### WORK TO BE COMPLETED:
Give the data again exactly as written, without any of its pictures.

### COLLECTED DATA:
══════
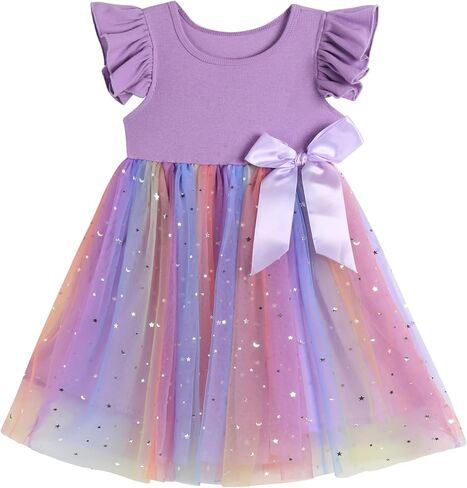 Girls Casual Tulle Tutu Dress Baby Toddler Ruffle Sleeves Bow Princess Party Dresses in Saudi Arabia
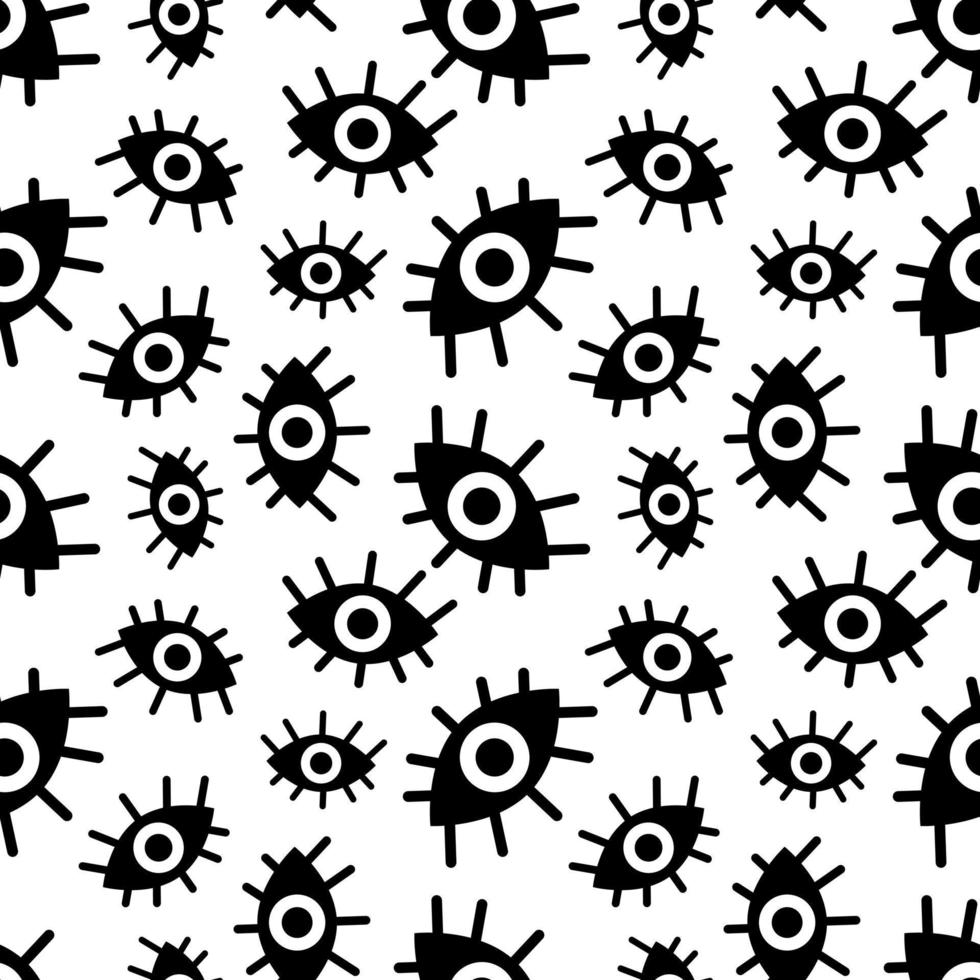 black and white seamless pattern of abstract eyes vector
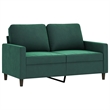 Bowery Hill Contemporary Metal 2-Seater Sofa in Dark Green Polyester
══════
### OUTPUT:
 Girls Casual Tulle Tutu Dress Baby Toddler Ruffle Sleeves Bow Princess Party Dresses in Saudi Arabia
 black and white seamless pattern of abstract eyes vector
 Bowery Hill Contemporary Metal 2-Seater Sofa in Dark Green Polyester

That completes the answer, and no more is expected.